German industrial output dropped by more than even the most pessimistic of forecasts in May, adding to a run of negative indicators that point to a sharp slowdown in Europe's largest economy. In seasonally adjusted terms, output fell by 2.4 percent on the month, the Economy Ministry said on Monday. A Reuters poll had pointed to a 0.4 percent rise. Forecasts ranged between a 1.1-percent fall and a 1.4-percent rise.
"These are alarmingly weak numbers," said HSBC Trinkaus analyst Stefan Schilbe. The weak output figures chimed with other recent economic indicators which have pointed to a slowdown in the German economy after it grew 1.5 percent on the quarter in the first three months of 2008, its strongest expansion since 1996. "This clearly adds to the evidence that German GDP growth will slow sharply from Q1's sharp 1.5 percent gain - an outright fall seems increasingly likely," said Jennifer McKeown, European economist at Capital Economics.

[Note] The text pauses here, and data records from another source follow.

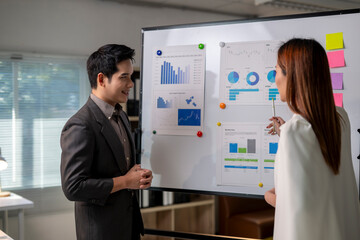 A man and a woman are standing in front of a white board with graphs and charts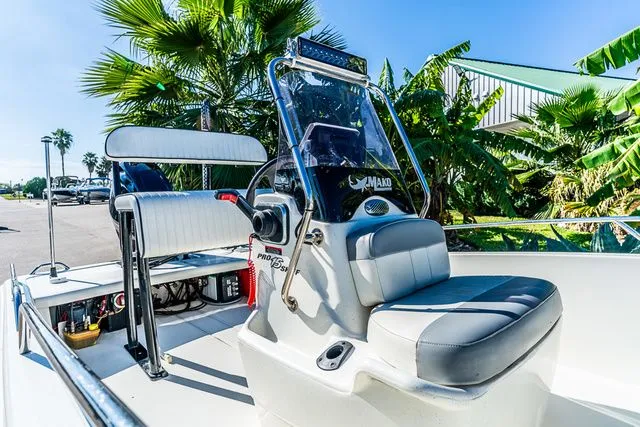 Slide: The Image of 2022 Mako SKIFF 15CC boat with console and seating. - 7
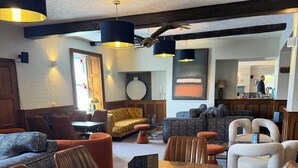 A spacious dining area with a wooden table and leather chairs, a bar area with stools, and a seating area with sofas and armchairs. - The Kings Arms (Penrith)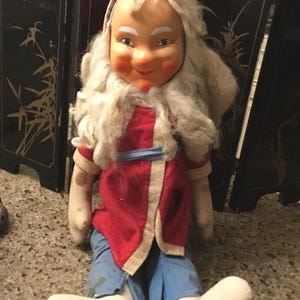 Puede incluir: Una muñeca vintage con una cara sonriente, cabello y barba blancos, y un abrigo rojo con ribete blanco. La muñeca lleva pantalones azules y zapatos blancos. La muñeca está sentada.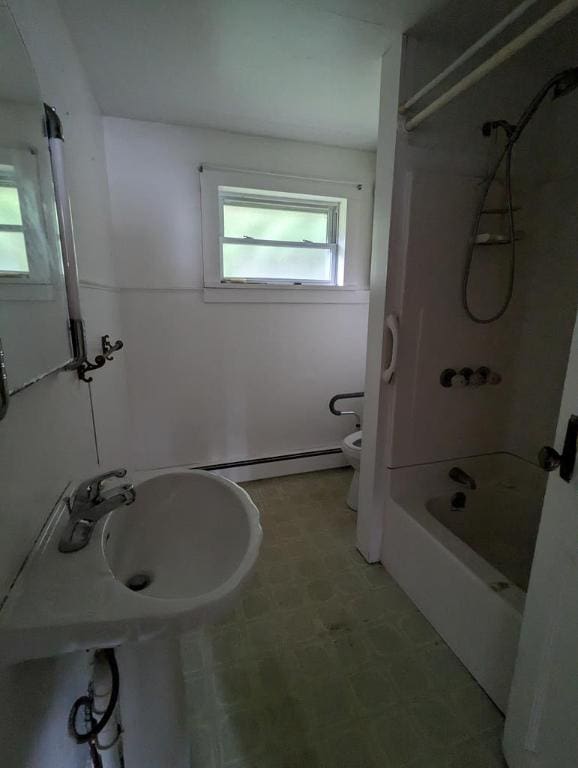 full bathroom with bathing tub / shower combination, sink, baseboard heating, and toilet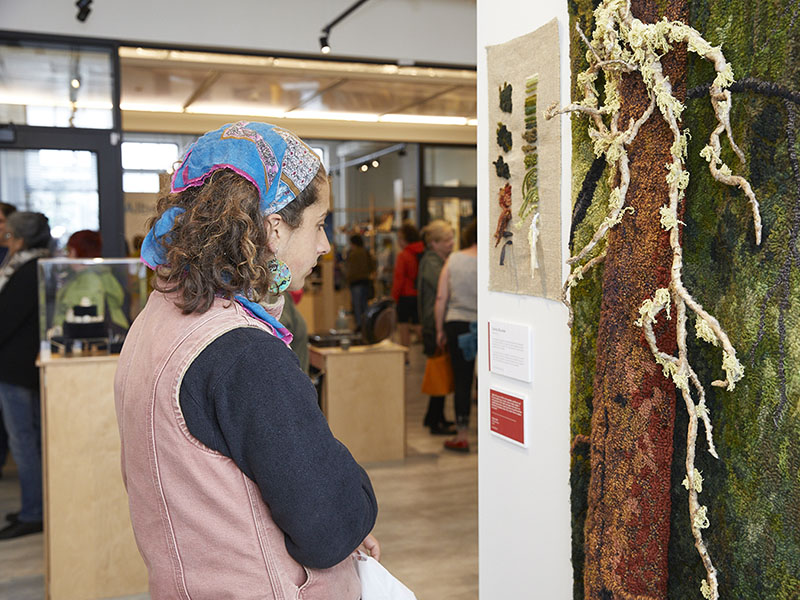A person looks at a display at the Alberta Craft Gallery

May's fall was marked by 3.9 percent drop in output of capital goods - the engineering goods German has a reputation for producing to a high standards. Strong foreign demand for capital goods has helped Germany be the world's largest exporter of goods since 2003. For years, foreign trade has been a key engine of growth, but a global slowdown now threatens to stall that driver.